“ Interno ed esterno sono distinzioni limitative. Nella tranquillità della pratica formale noi rivolgiamo effettivamente le nostre energie verso l’interno, scoprendo però che nella mente e nel corpo conteniamo il mondo intero”.
Jon Kabat-Zinn
Come nel mandala che contiene l’intero universo tra le sue linee e i suoi punti, nella pratica, nella creazione e nella colorazione noi entriamo e usciamo continuamente dal limite imposto dal nostro corpo e dalla nostra mente ricostituendo una connessione con l’esterno.

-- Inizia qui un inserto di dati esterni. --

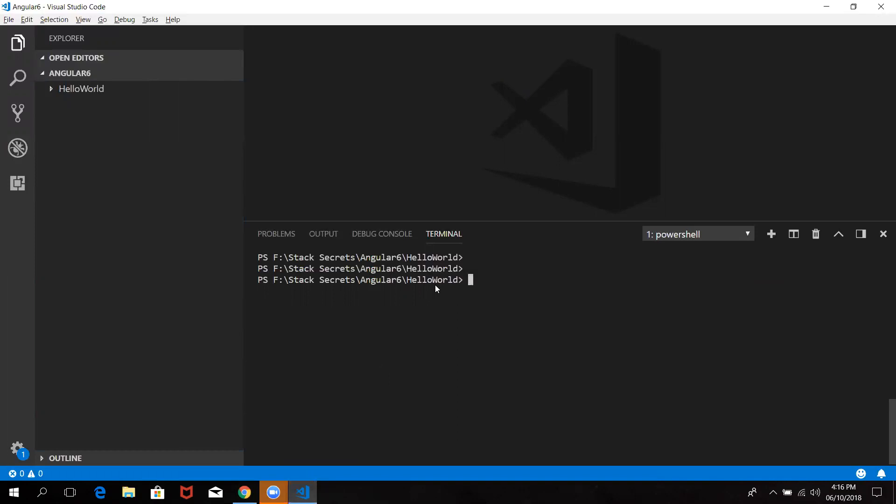This is the very first step. If you want to follow up on this first step, we will create a new application.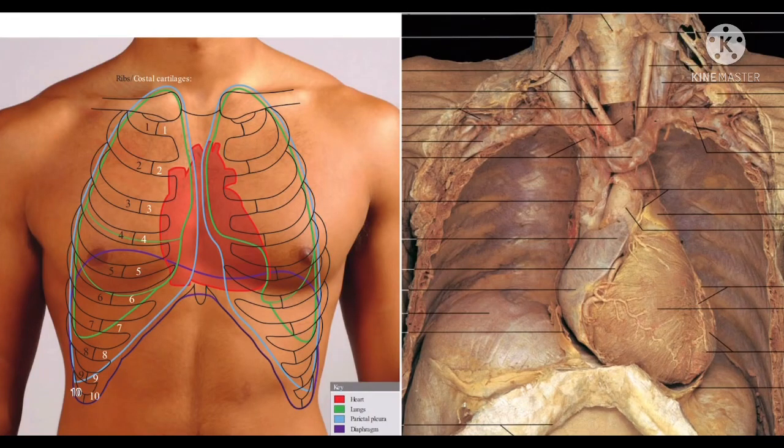My dear students, a very warm welcome to all of you in this session of anatomy where we will discuss about the heart. The heart is a hollow conical muscular organ that is situated in the mediastinum.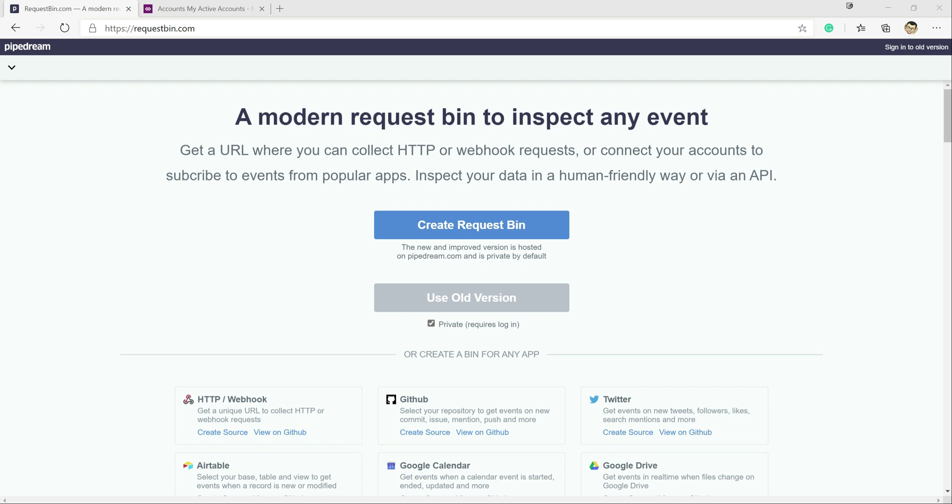So in today's video we're going to be taking a look at how we can use webhooks to push events out into external APIs.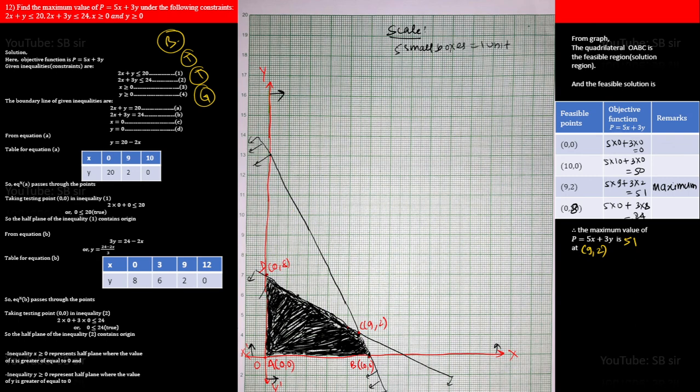Therefore, the maximum value of P = 5x + 3y is 51 at the point (9, 2). To summarize: write the boundary line, draw the table, do the testing, plot the graph, identify the feasible polygon, and find the maximum or minimum value by substituting the corner points into the objective function. I hope you understood — I'll explain it in Nepali while solving the set. Please practice a lot. Thank you everyone.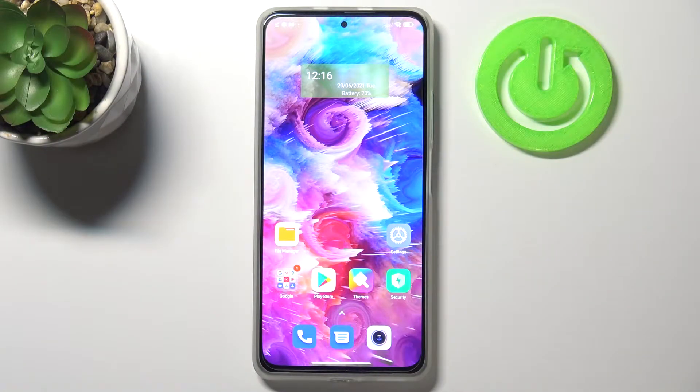Hi everyone, here we've got Xiaomi Mi 11i and let me share with you how to change a system language on this device.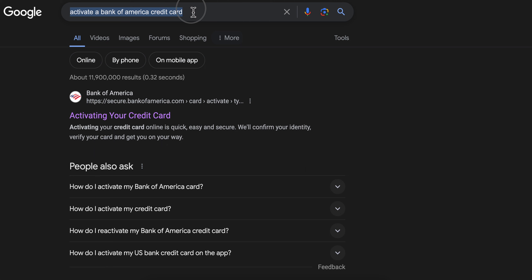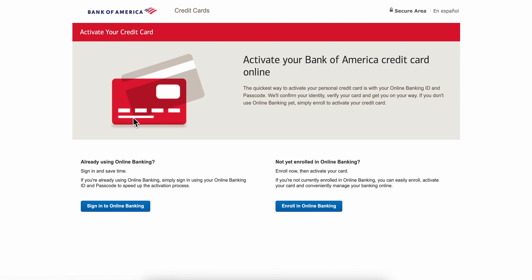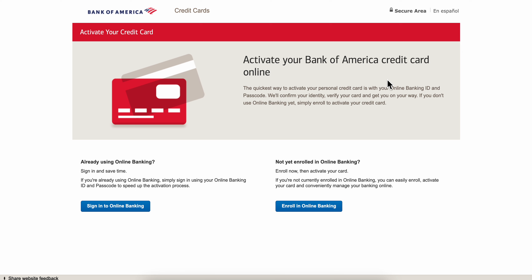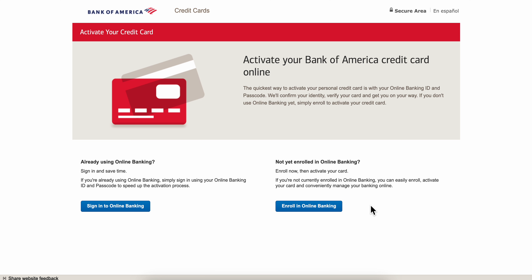Simply search for 'activate a Bank of America credit card' and click on the first link. You'll have the option to sign into your online banking. The quickest way to activate your personal credit card is with your online banking ID and passcode — they'll confirm your identity, verify your card, and get you on your way. If you don't use online banking, simply enroll to activate your credit card.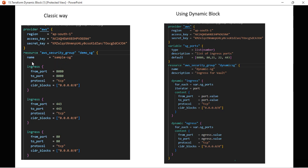In the classic approach, I have to create multiple ingress rules — for ports 8080, 443, 480, and many more blocks which we have to define. The issue here is we are repeating the configuration — we are just changing the port value each time. The other way is using a dynamic block where we apply the DRY principle.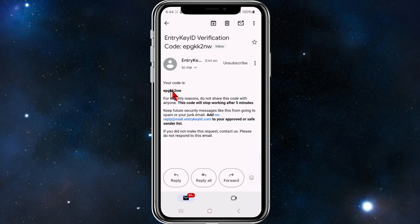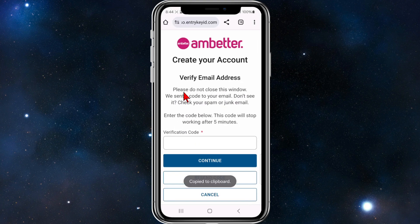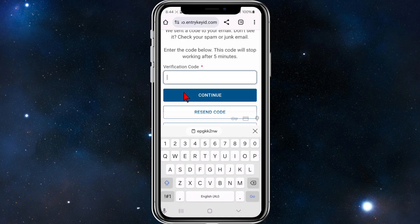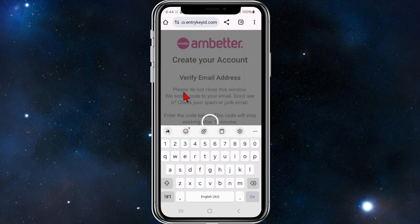This is the email from Ambetta with my code. I'm going to copy this code, head back to Ambetta Health, put the code in, and click Continue to verify my email address and account.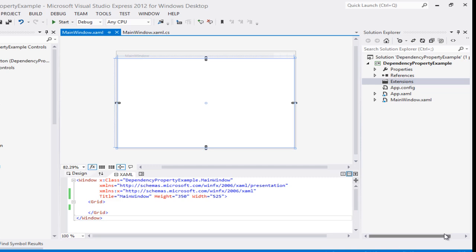Why are we going to use the dependency property? There are a few things to remember: value change notification, we can use data binding with it, we can do animation, we can do evaluation, and there is also property change notification. These are all the features which are used in a dependency property. What is the actual benefit and how are we going to use it?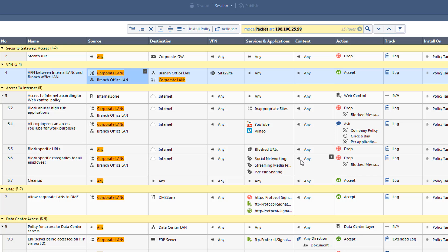Going back to the search results, we can see that the rules with any show up as well. This behavior is as expected since the source IP address matches the any statement. In a regular search, these rules would not show up.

Guardare dentro di sé stimola ciascuno di noi alla centratura e alla ricerca di equilibrio.
La nostra mente è frammentata perché svolgiamo contemporaneamente mille compiti, e non potrebbe essere altrimenti. Attivare comportamenti automatici che ripetono sempre gli stessi schemi permette al cervello di disattivare una parte delle nostre facoltà cognitive per applicarle ad altro. Altrimenti impazziremmo. Questa pratica però, unita alle personali attitudini, all’educazione, alle cultura e alla struttura sociale in cui siamo immersi finisce per creare distrazioni che ci allontanano dalla realtà con il risultato di farci perdere il contatto con il presente.
Tutto ciò può generare disagio. E dedicarci al mandala quando abbiamo un momento di stanchezza, di tristezza, di nervosismo, di insoddisfazione è un mezzo per recuperare il contatto con la realtà, con noi stesse e con il nostro centro. Ci rivolgiamo al nostro interno ed è lì che troviamo l’essenza e recuperiamo l’energia per tornare all’esterno.